Outre la beauté des images et la grande proximité avec les cavalières et cavaliers, Stéphanie Gillard a réussi à évoquer tout ce que les États-Unis -nation bâtie sur un génocide- refusent de voir : « Pendant ce voyage, les cavaliers nous racontent leur vie et ce qui s'est passé sur cette même route il y a 125 ans. Ils racontent ce que les États-Unis ont fait à leur nation, ce qu'ils ont eux-mêmes vécu : évangélisation, acculturation, destruction de leur langue, vol des terres de façon constante et insidieuse. »

Un rendez-vous d'importance pour les jeunes des réserves dont l'avenir est sombre et l'espérance de vie courte… « Pendant les 15 jours de la chevauchée, ces hommes se ressaisissent de leur Histoire, la tête haute. Ils sortent de l'esprit de prostration dans lequel on dépeint si souvent la réserve. Ils ne sont plus des victimes, des assistés, des alcooliques, des chômeurs, des suicidaires, des gens sans avenir et sans culture, mais, en faisant face au froid, à la neige, à la faim, mais aussi au regard des autres, ils sont courage, solidarité et dignité (…) lls se ressaisissent de leur Histoire pour qu'elle ne soit pas oubliée, pour dire l'importance de la mémoire et pour la transmettre, en même temps que leurs valeurs, à la jeune génération.
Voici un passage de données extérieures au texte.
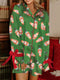 Fashorio Green / S Christmas Nutcracker Button Up Top and Shorts Lounge Set
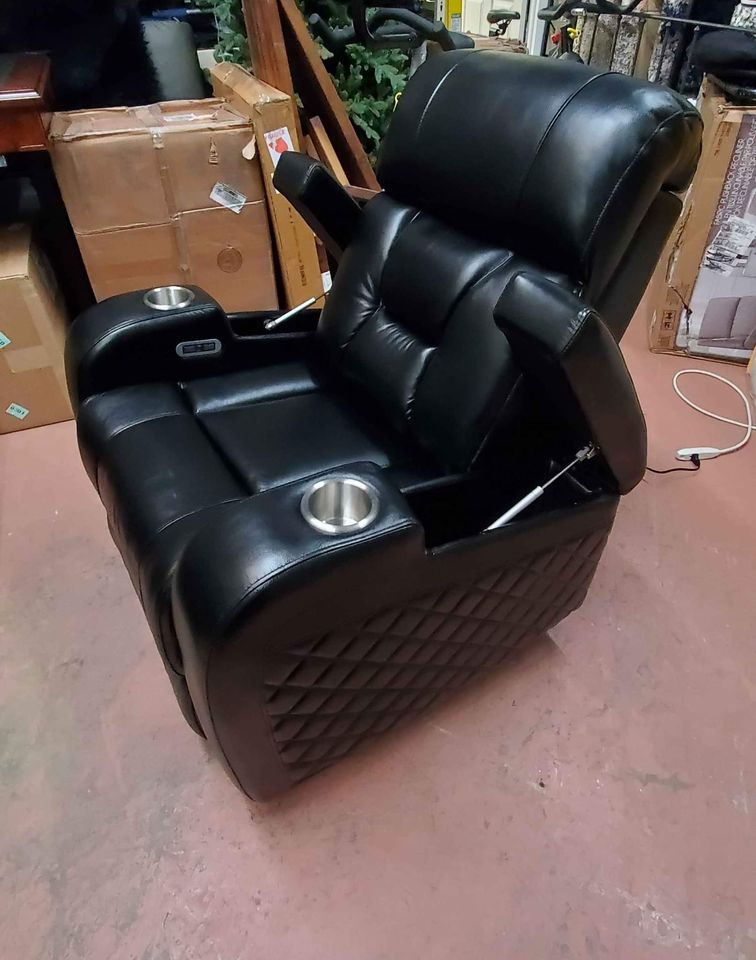 Thumbnail: Bronson Leather Theater Power Recliner with Power Headrest, Black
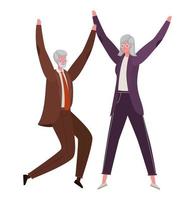 Senior woman and man cartoons jumping vector design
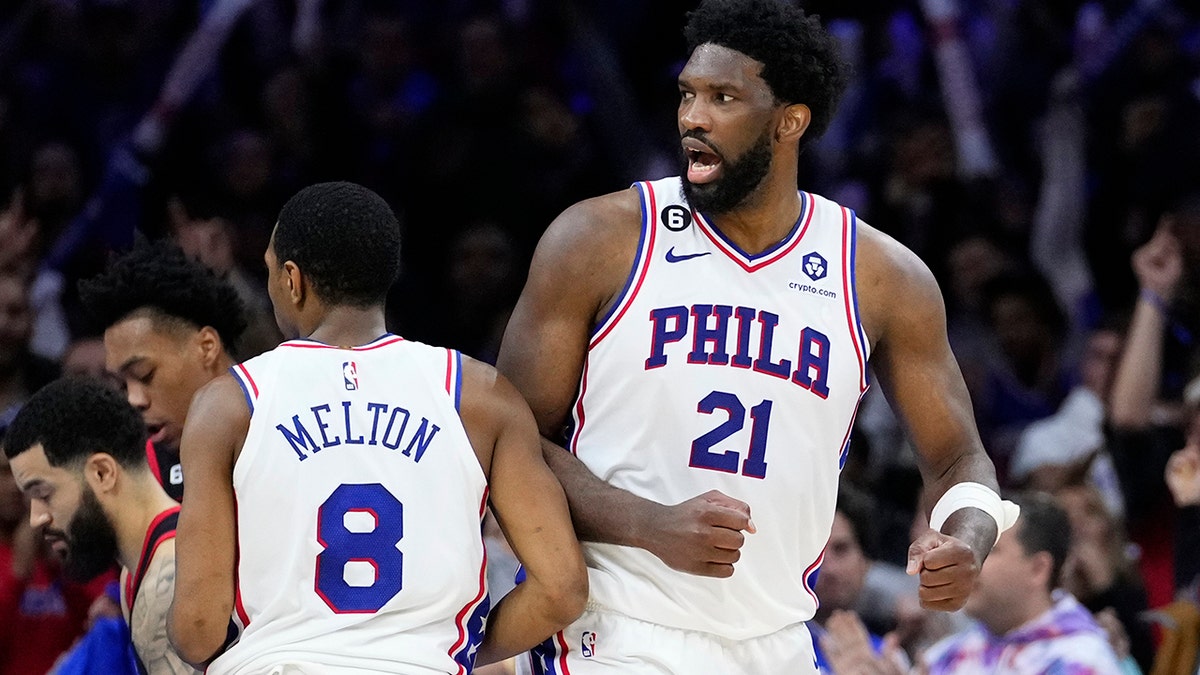 Joel Embiid and De'Anthony Melton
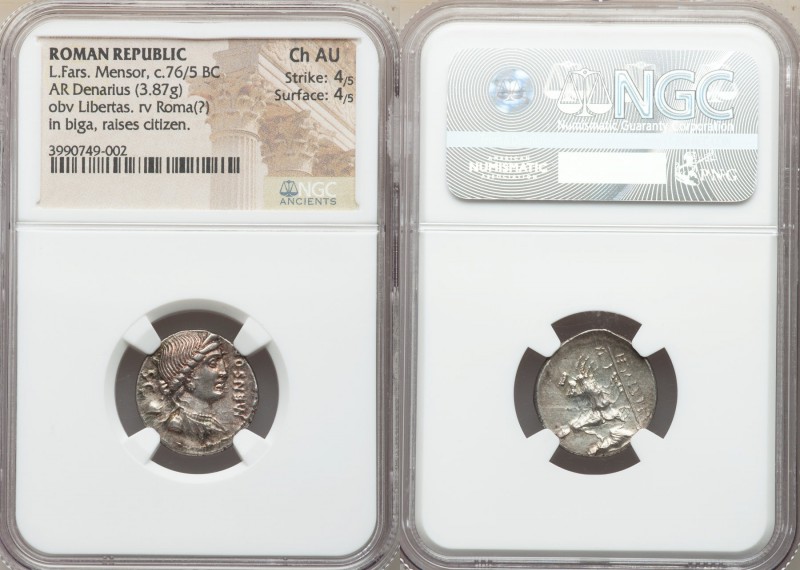 L. Farsuleius Mensor (ca. 76/5 BC). AR denarius (18mm, 3.87 gm, 8h). NGC Choice ...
C'est un cheminement pour devenir soi, simplement, redevenir Lakota.»

Parmi les nombreuses scènes, superbes et fortes en émotion de The ride, celle, filmée dans un pick-up un jour de repos où trois des jeunes cavaliers regardent la vidéo de Little big man, le premier western américain (d'Arthur Penn) où les Indiens ne sont pas montrés comme des brutes sanguinaires…

S'il peut sembler loin de nos préoccupations quotidiennes, The ride confronte l'Amérique à sa propre histoire, un bon rappel, à l'heure où Trump y prône discrimination et exclusion. Et les valeurs qui y sont transmises sont universelles.

The ride, réalisé par Stéphanie Gillard. 1h27.